EXERCISE REQUIREMENTS:
Your output should be the lines below from the one holding "Apartamento à venda" through the one holding "Fish4Dogs LOVE BANANA", transcribed exactly, with no pictures.

+++ MATERIAL SUPPLIED

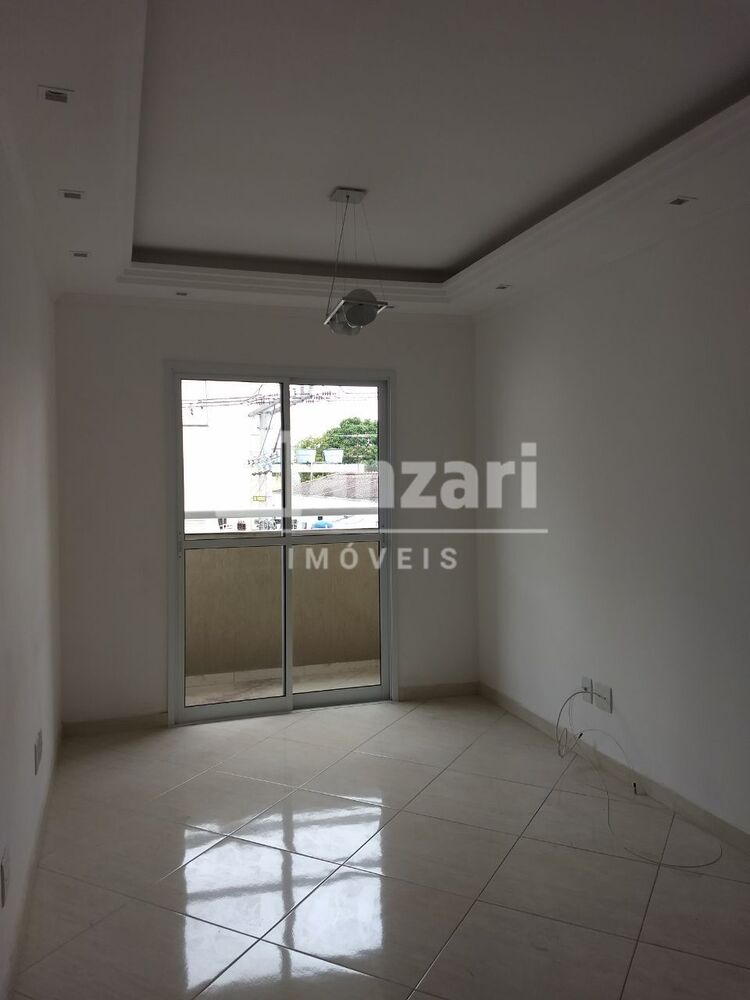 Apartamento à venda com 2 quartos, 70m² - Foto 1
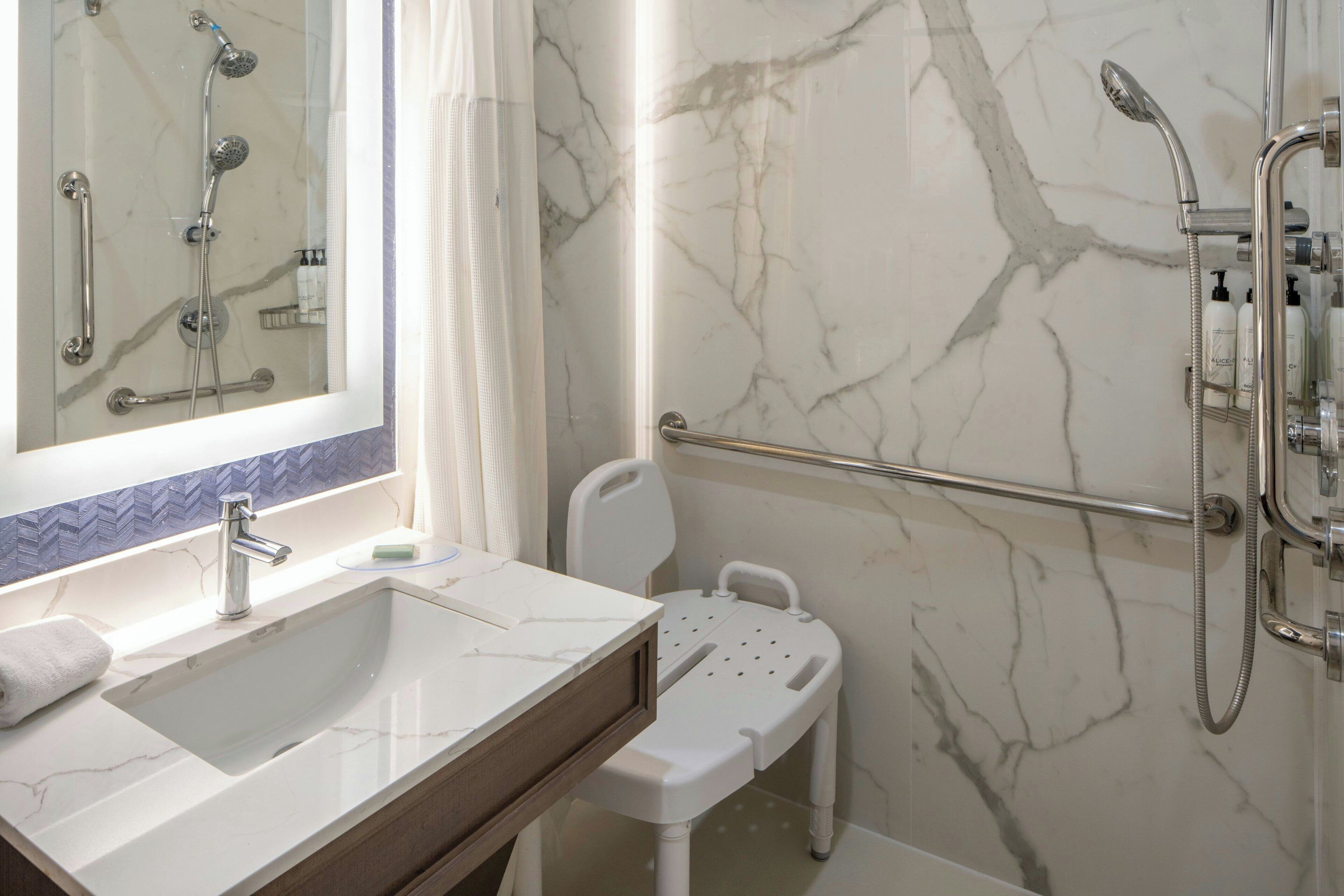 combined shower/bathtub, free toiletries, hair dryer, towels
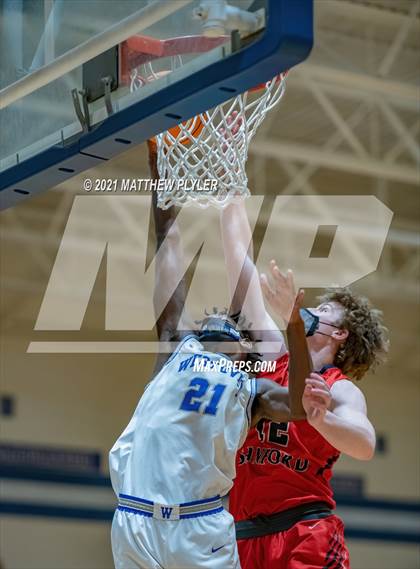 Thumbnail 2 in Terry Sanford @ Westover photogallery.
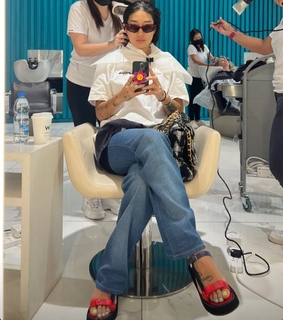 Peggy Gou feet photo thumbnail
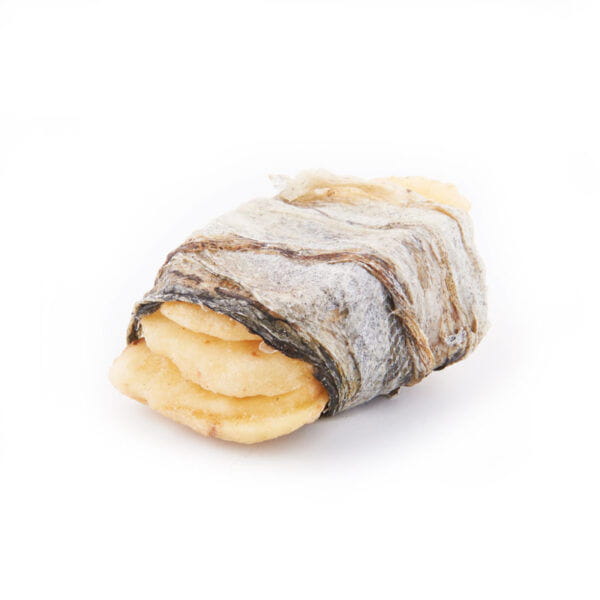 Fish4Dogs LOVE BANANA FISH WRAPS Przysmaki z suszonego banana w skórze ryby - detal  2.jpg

++++++
+++ MATERIAL SUPPLIED

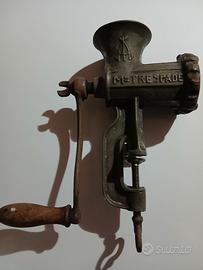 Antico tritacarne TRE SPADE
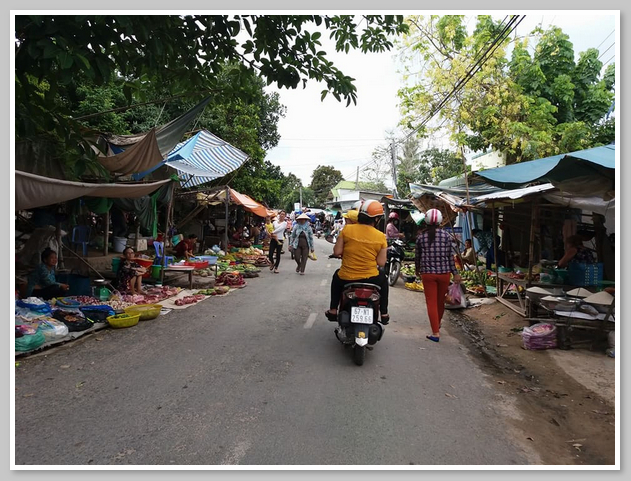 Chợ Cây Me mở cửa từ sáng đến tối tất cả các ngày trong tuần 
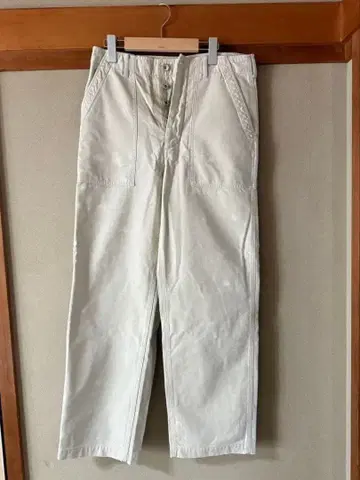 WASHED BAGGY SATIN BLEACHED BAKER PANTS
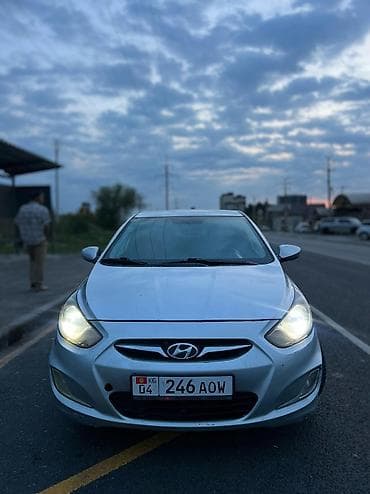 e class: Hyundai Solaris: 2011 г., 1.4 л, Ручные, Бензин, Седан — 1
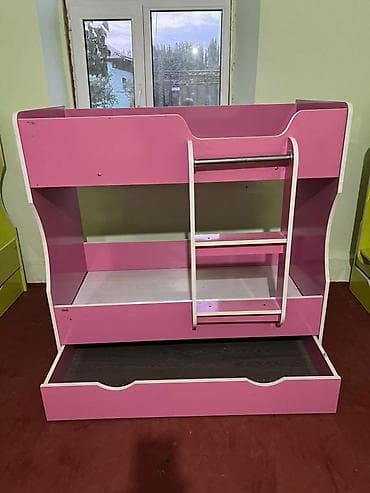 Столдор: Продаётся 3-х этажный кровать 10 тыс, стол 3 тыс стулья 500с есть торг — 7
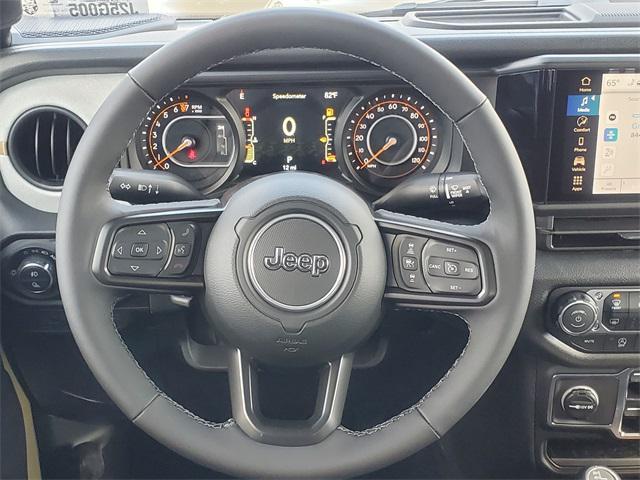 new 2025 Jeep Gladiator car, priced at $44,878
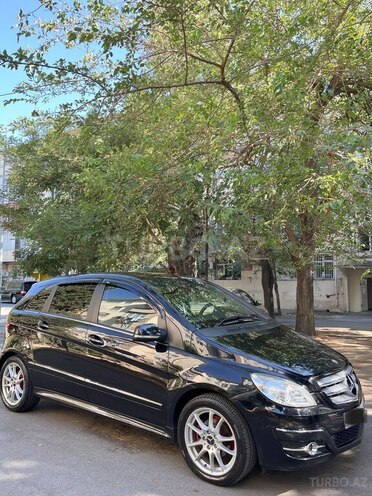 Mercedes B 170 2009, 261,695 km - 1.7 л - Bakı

++++++
+++ MATERIAL SUPPLIED

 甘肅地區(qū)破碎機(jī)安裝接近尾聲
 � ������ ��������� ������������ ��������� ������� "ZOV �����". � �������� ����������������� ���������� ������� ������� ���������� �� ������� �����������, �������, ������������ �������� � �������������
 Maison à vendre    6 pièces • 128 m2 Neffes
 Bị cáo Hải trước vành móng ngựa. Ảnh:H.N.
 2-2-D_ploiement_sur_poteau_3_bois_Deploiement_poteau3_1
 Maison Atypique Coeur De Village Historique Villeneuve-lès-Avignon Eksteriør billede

++++++

ANSWER TO THE EXERCISE:
 Apartamento à venda com 2 quartos, 70m² - Foto 1
 combined shower/bathtub, free toiletries, hair dryer, towels
 Thumbnail 2 in Terry Sanford @ Westover photogallery.
 Peggy Gou feet photo thumbnail
 Fish4Dogs LOVE BANANA FISH WRAPS Przysmaki z suszonego banana w skórze ryby - detal  2.jpg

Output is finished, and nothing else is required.